Right now, the only way to reach Tristan da Cunha is a week-long voyage on a shipping vessel, which probably wouldn’t exactly be doctor’s orders for an 84-year-old pontiff with sciatica. On the other hand, at least Francis would have plenty of time to adjust to the time difference before he got where he was going.
As of its 2021 census – an exercise one can’t image takes a lot of time – the archipelago today has a population of 243, composed of the descendants of fifteen settlers, European men and mixed-race women, who arrived between 1816 and 1908. In a sense it would be a tremendous home court environment for the pontiff, since it’s a completely 100 percent Christian jurisdiction – there are only Anglicans and Catholics, with the Catholics served by the Mission sui iuris of Saint Helena, Ascension and Tristan da Cunha.
There’s a Catholic church on the island, located in the lone settlement of Edinburgh of the Seven Seas, but no resident priest. That, however, doesn’t have to deter Francis from making another statement on behalf of the peripheries – he could name 45-year-old Abbot Hugh Allen, a British Premonstratensian who heads the mission sui iuris, as a cardinal, thereby making the ultimate “size doesn’t matter” statement.
And, inevitably …
(1) Mar-a-Lago, Florida
If there’s anybody on the planet who wouldn’t pay good money to be a fly on the wall while Pope Francis drops in on former US President Donald Trump, chatting about everything from climate change and the curse of right-wing populism to what it means for a politician to call him or herself a “Christian,” I’d like to know who that benighted soul is.
Hell, you could probably package the whole thing as a live streaming special event and wipe out the Vatican’s entire deficit in one fell swoop – assuming, of course, you could get Trump to agree to split the rights, which would be no mean negotiating feat.
In theory the two men could get together anyplace, but the idea of Francis visiting the former president’s version of Xanadu is just irresistible.
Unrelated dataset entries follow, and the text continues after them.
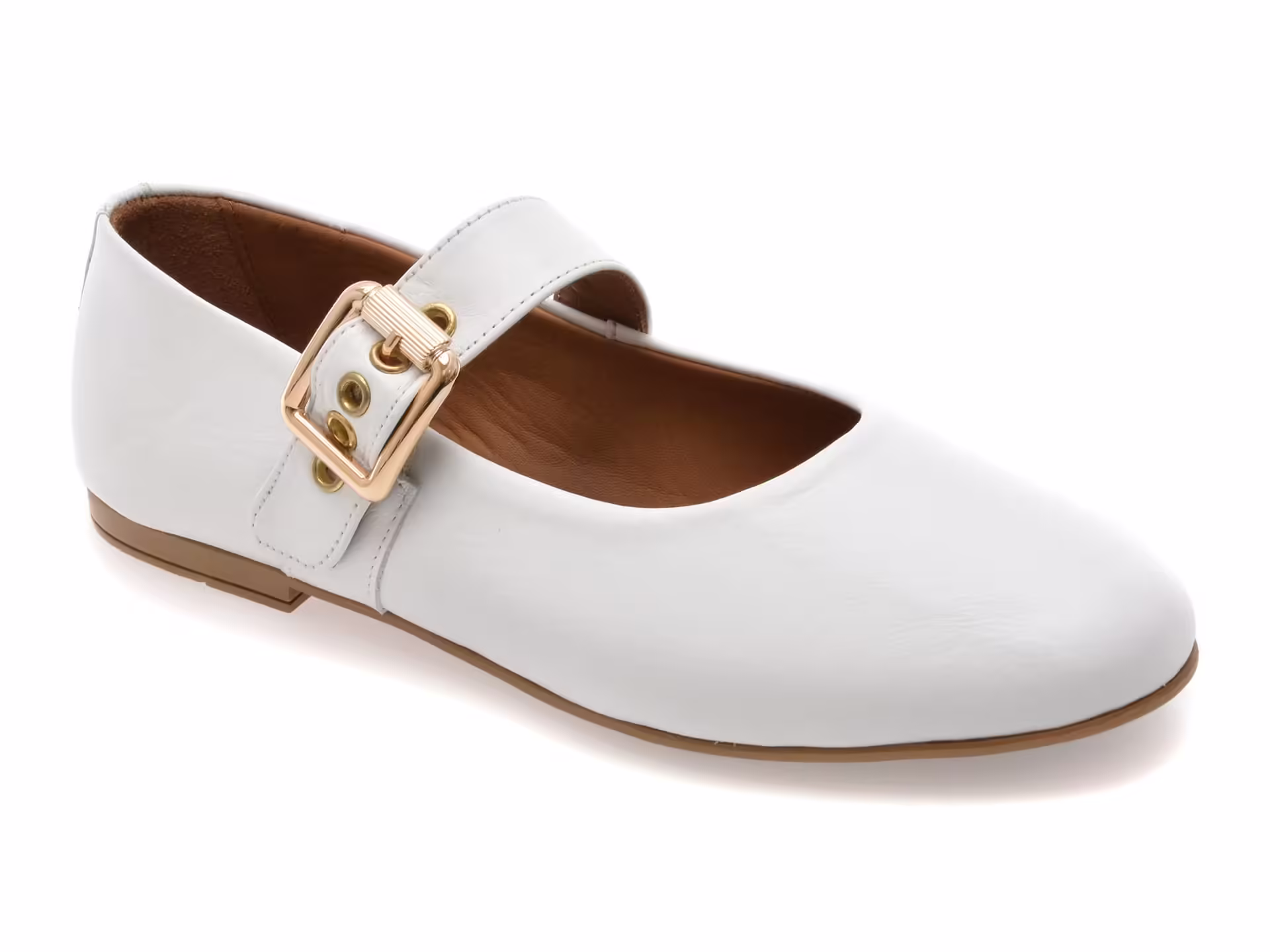 Balerini din Piele Naturală Albi FLAVIA PASSINI pentru Femei, Model 152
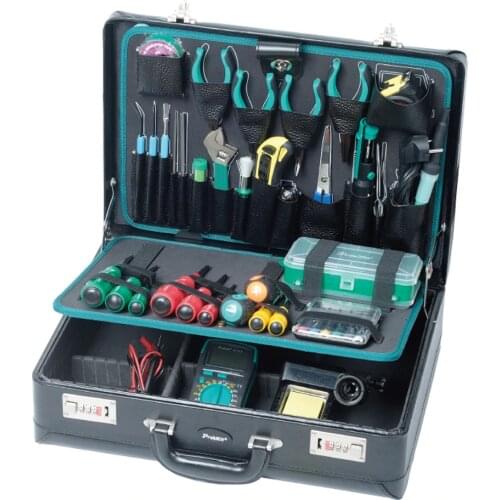 Proskit 1PK-1305NB 42Pieces Professional Multi-Function Electrician Repair Tools Sets Maintenance Box Screwdriver Pliers Wrench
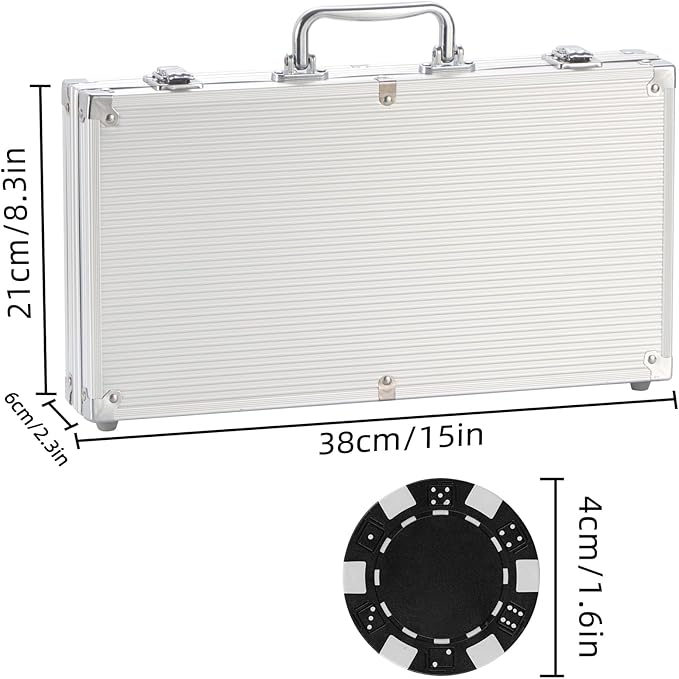 300Pcs Poker Chips Set for Texas Holdem,Blackjack,Professional Poker Kit with Aluminum Case,2 Decks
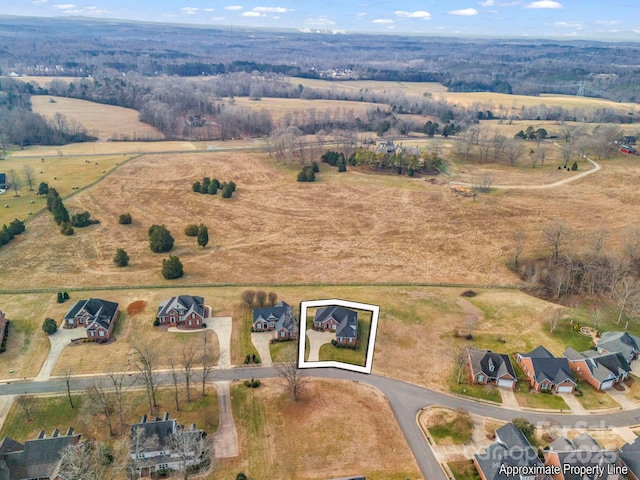 aerial view with a rural view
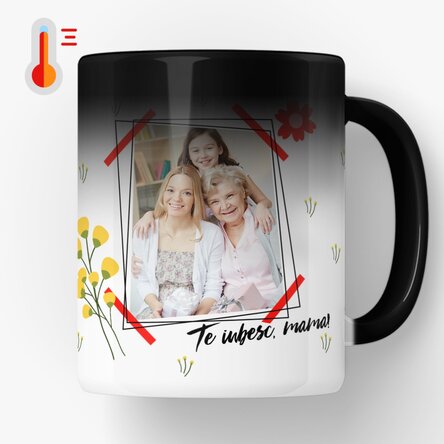 Cană termosensibilă personalizată cu o poză și text - Te iubesc, mama! 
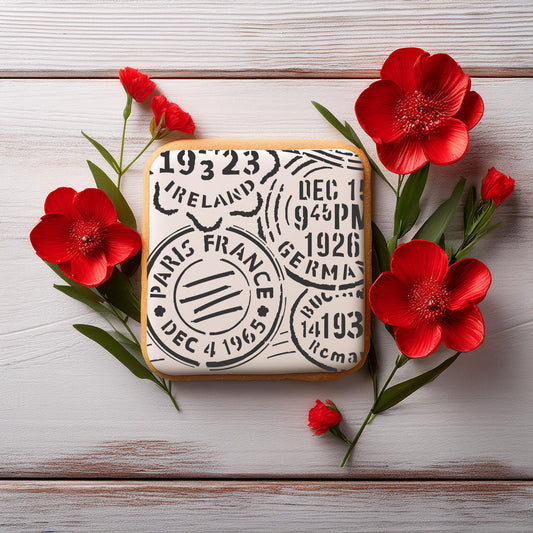 Vintage Postmark Background Cookie Stencil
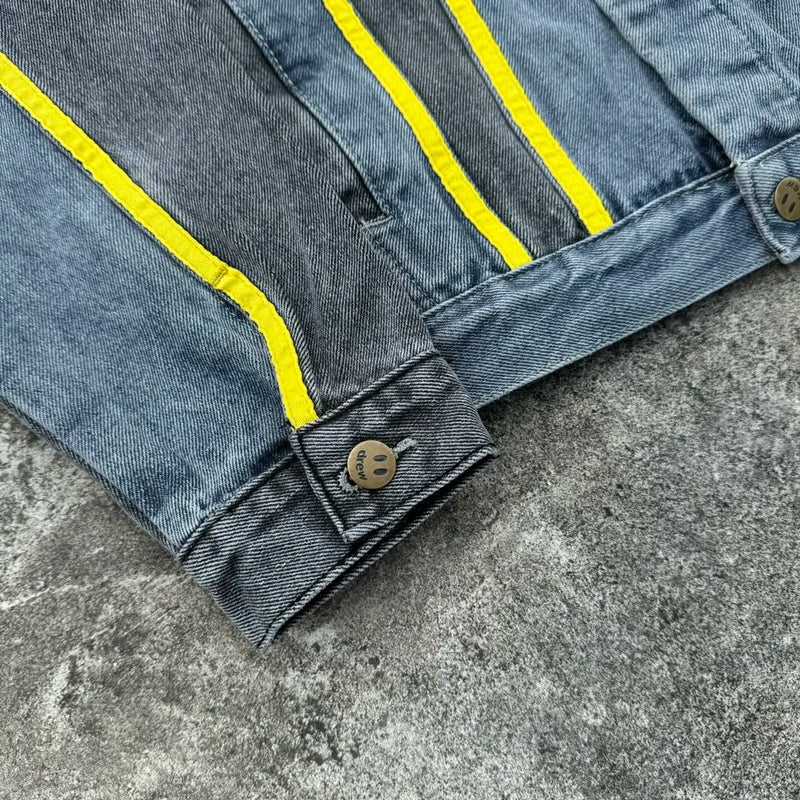 Autumn and Winter Designer Niche American outside the Denim with Black and Blue Patchwork Embroidered Letters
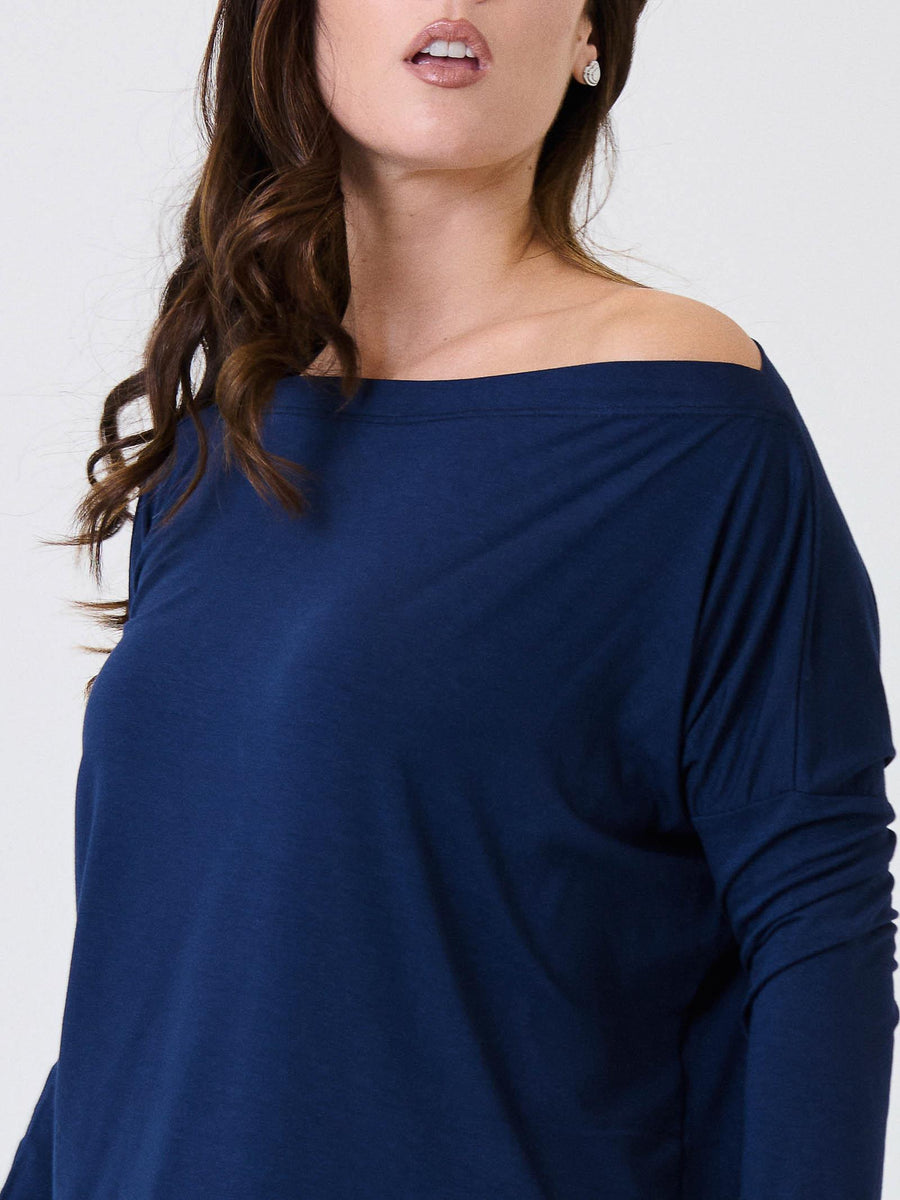 Maglia a maniche lunghe Kontatto blu con scollo a barca MR5003C BLU kontatto 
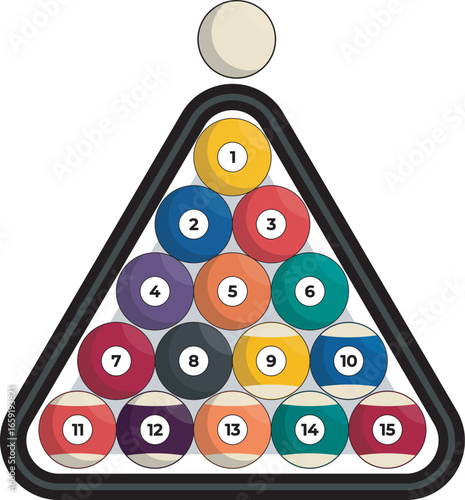 Vector illustration of billiard balls in a triangular rack with cue ball, colorful numbered pool set. Perfect for sports graphics, icons, logos, posters, gaming illustrations, and billiards design.
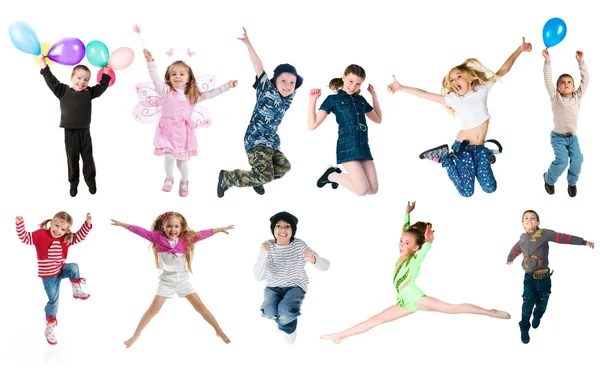 Collectie foto's van kinderen springen — Stockfoto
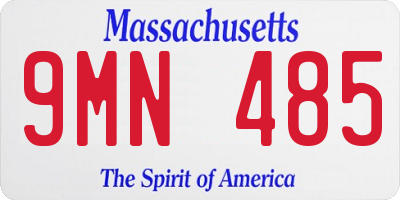 MA license plate 9MN485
Seeing Francis against the backdrop of the “Make America Great Again” crowds who tend to assemble in Mar-a-Lago these days would also be unforgettable.
To wind down afterwards, maybe Francis could head to Key West, the vacation destination on an island marking the southernmost point in the continental United States. If he wanted, Francis could even claim the outing as another foreign trip, since Key West semi-jokingly declared itself an independent “Conch Republic” in 1982 in protest over perceived government neglect. It declared war on the United States and then promptly surrendered, requesting Marshall Plan-style reconstruction money.
The motto of the short-lived Conch Republic? “We seceded where others failed.”
If that kind of attitude doesn’t merit a papal drop-in, I don’t know what does.